Pictures with short captions
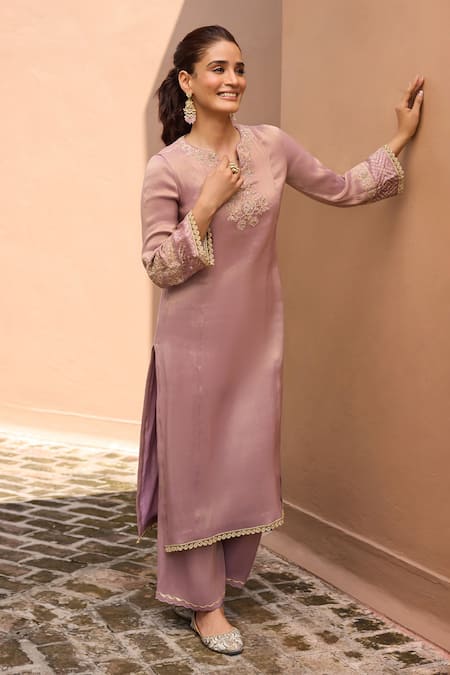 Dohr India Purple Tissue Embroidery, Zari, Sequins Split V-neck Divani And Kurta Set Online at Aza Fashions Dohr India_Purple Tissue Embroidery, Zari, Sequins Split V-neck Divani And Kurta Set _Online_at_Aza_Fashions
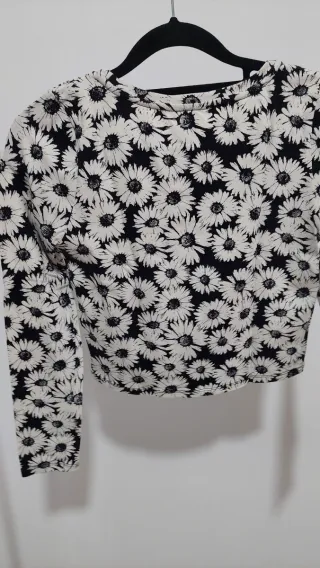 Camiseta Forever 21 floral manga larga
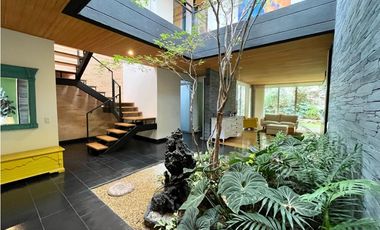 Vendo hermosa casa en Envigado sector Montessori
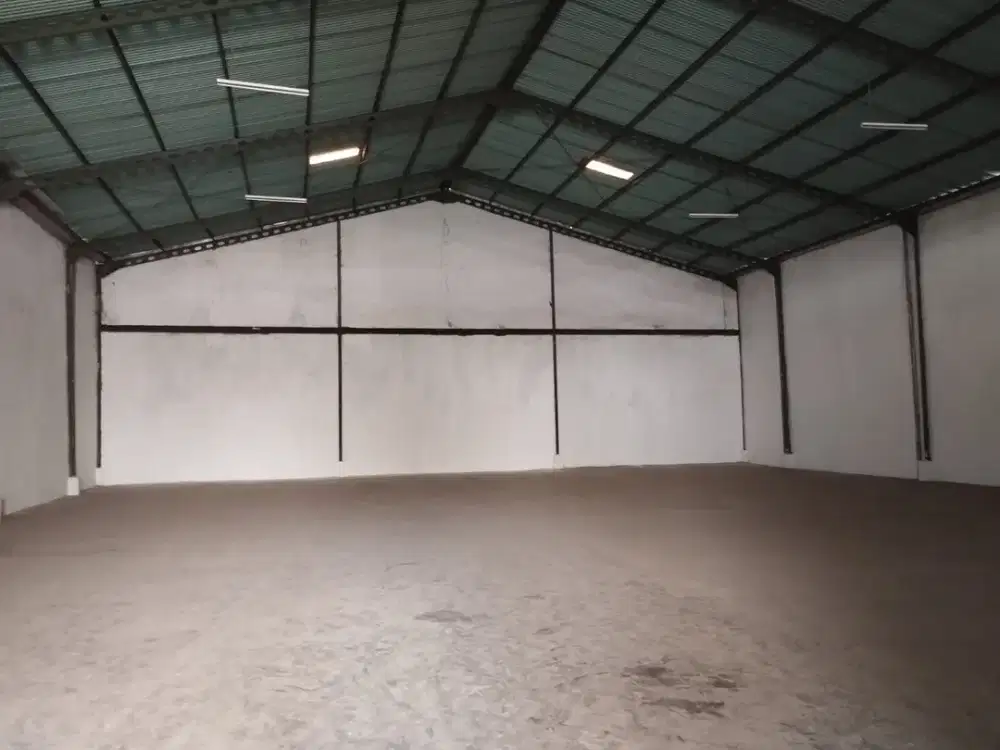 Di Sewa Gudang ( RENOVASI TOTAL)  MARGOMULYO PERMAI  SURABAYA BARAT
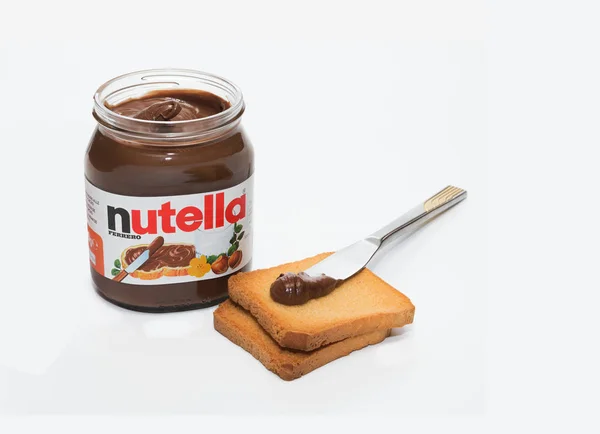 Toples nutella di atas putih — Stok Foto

- [PROBLEM TO SOLVE]:
The lines to return run from the line containing "Camiseta Forever 21 floral manga larga" through the last line of the records. Give them exactly, omitting pictures.

- [SOLVED PROBLEM]:
 Camiseta Forever 21 floral manga larga
 Vendo hermosa casa en Envigado sector Montessori
 Di Sewa Gudang ( RENOVASI TOTAL)  MARGOMULYO PERMAI  SURABAYA BARAT
 Toples nutella di atas putih — Stok Foto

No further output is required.